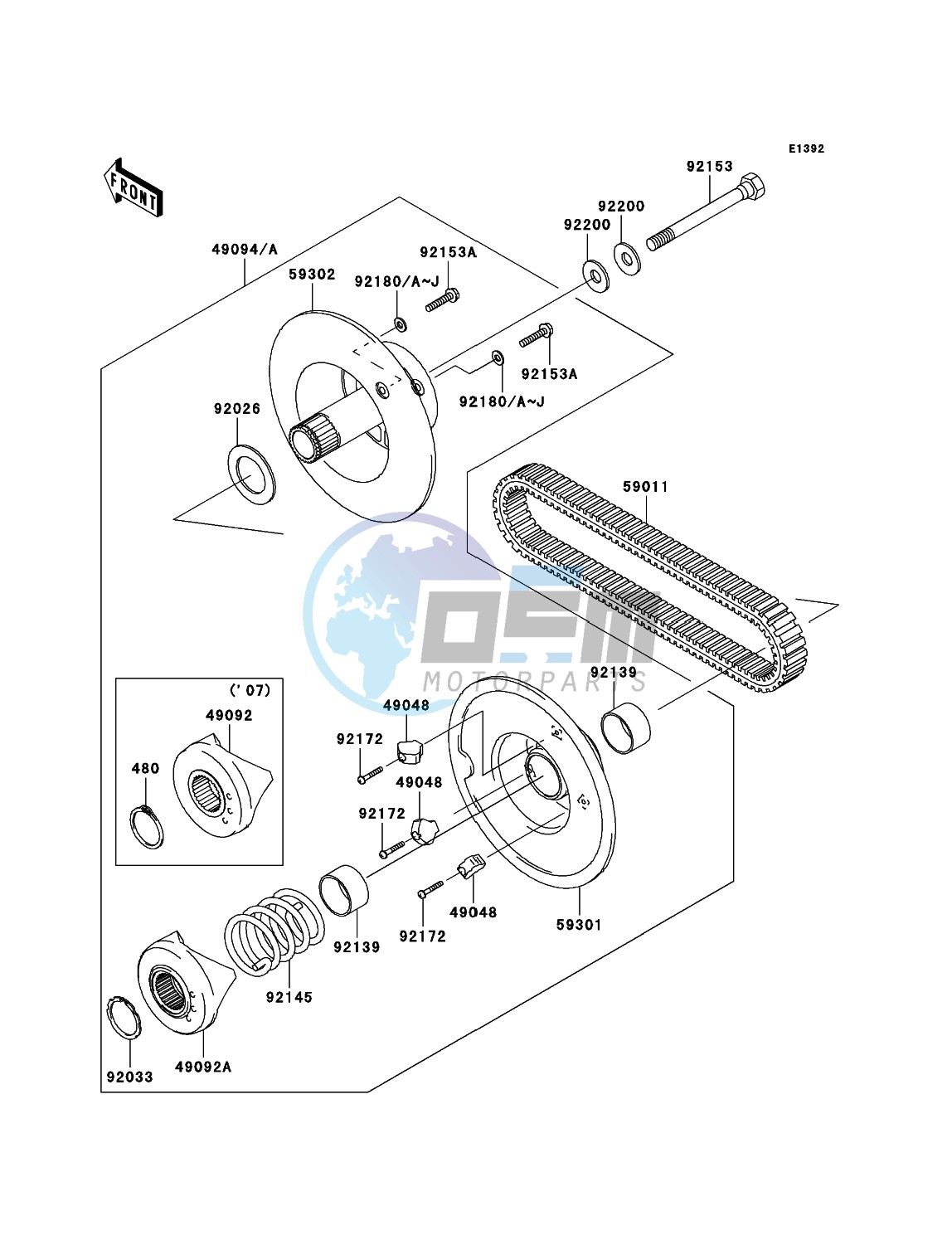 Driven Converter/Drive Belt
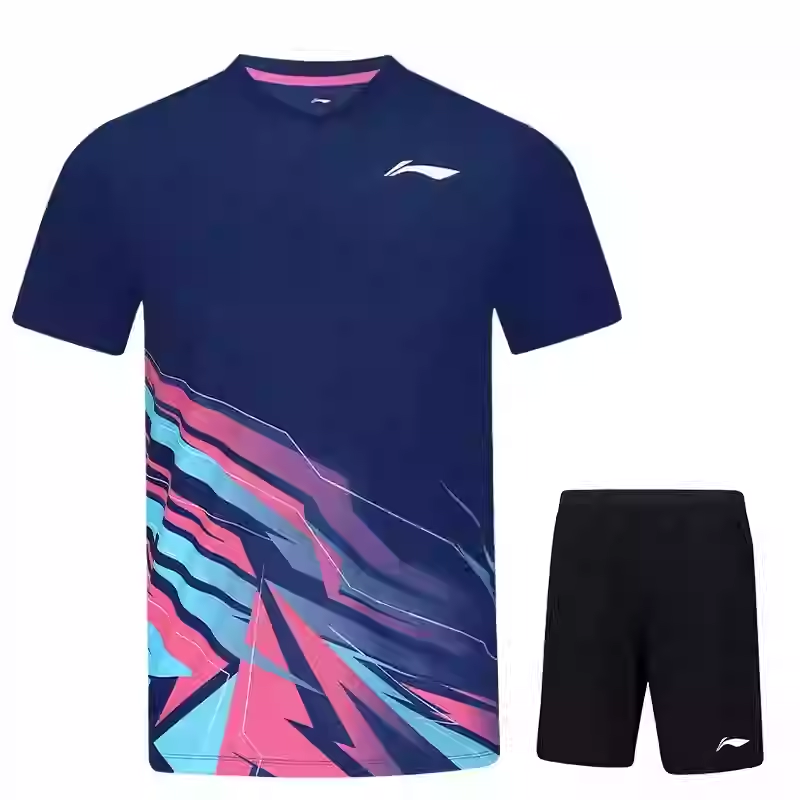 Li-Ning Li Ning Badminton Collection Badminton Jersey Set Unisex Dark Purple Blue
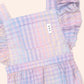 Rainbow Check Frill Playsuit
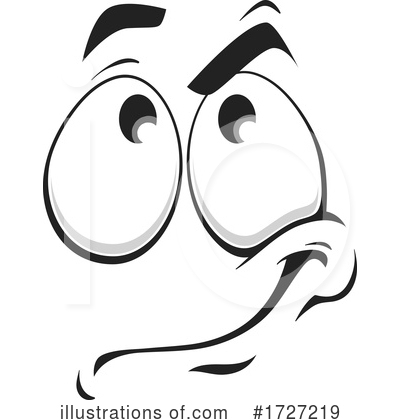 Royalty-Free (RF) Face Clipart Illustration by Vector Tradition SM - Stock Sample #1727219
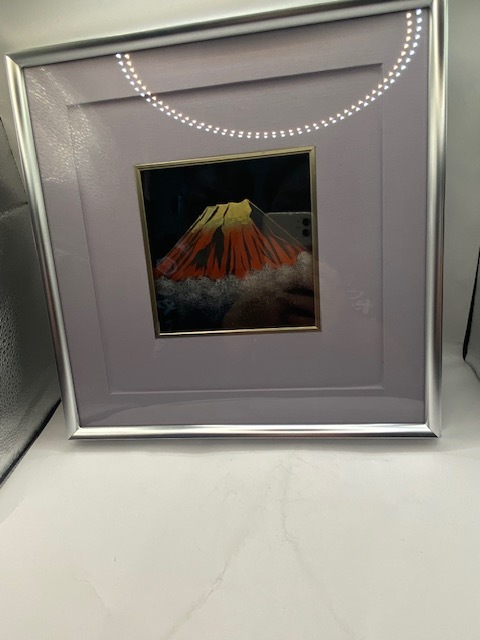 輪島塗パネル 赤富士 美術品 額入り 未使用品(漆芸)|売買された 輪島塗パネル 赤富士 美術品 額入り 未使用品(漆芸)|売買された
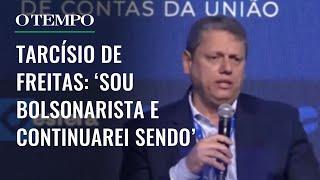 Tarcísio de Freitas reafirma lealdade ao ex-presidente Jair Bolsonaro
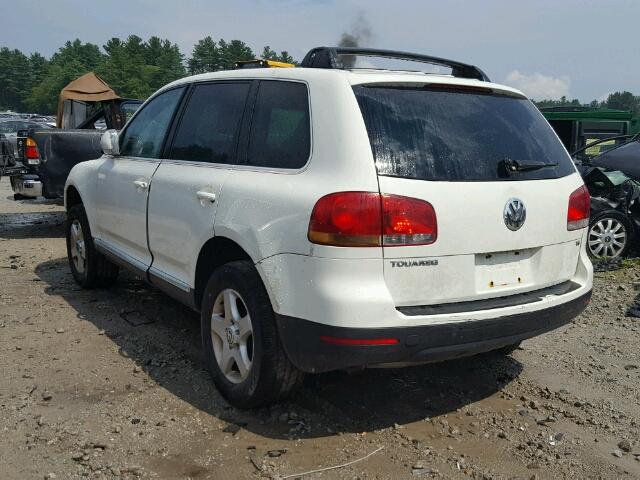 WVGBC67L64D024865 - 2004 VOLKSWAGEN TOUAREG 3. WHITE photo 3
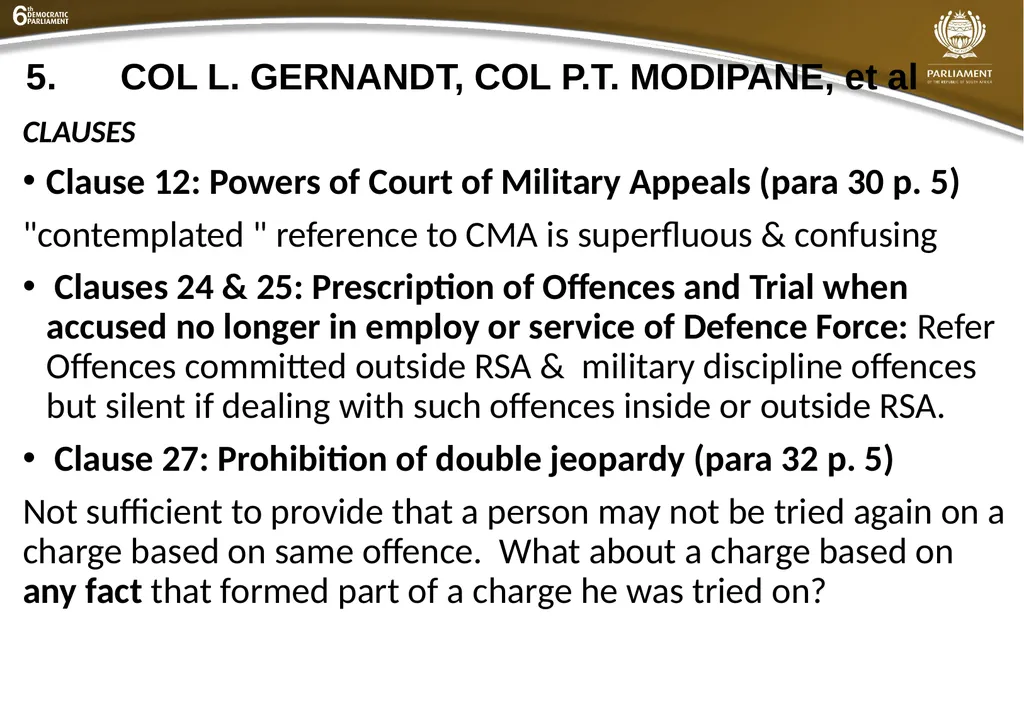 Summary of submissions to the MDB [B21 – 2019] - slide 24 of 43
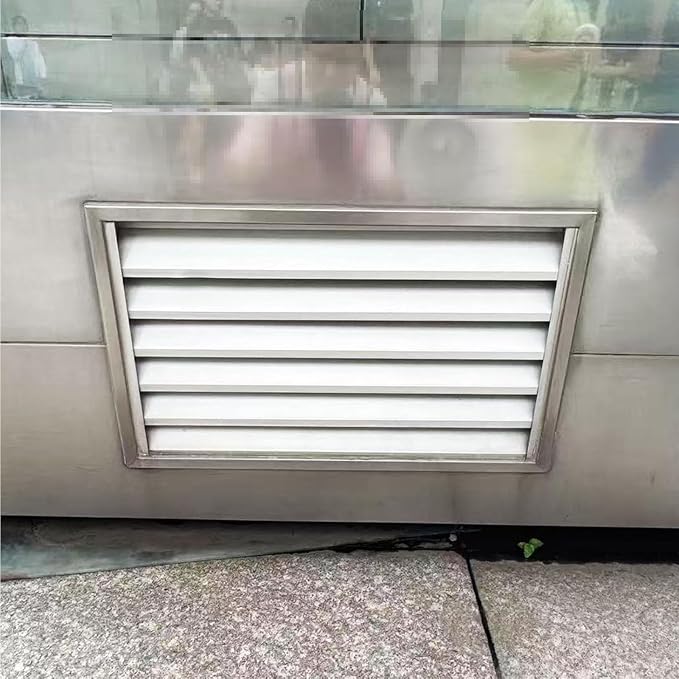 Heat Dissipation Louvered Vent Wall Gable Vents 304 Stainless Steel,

• • • • • • •

_WHAT IS REQUIRED_
Please print exactly the lines running from the line with "Summary of submissions" through the final line of the material, and nothing more. Keep pictures out.

_ANSWER SECTION_
 Summary of submissions to the MDB [B21 – 2019] - slide 24 of 43
 Heat Dissipation Louvered Vent Wall Gable Vents 304 Stainless Steel,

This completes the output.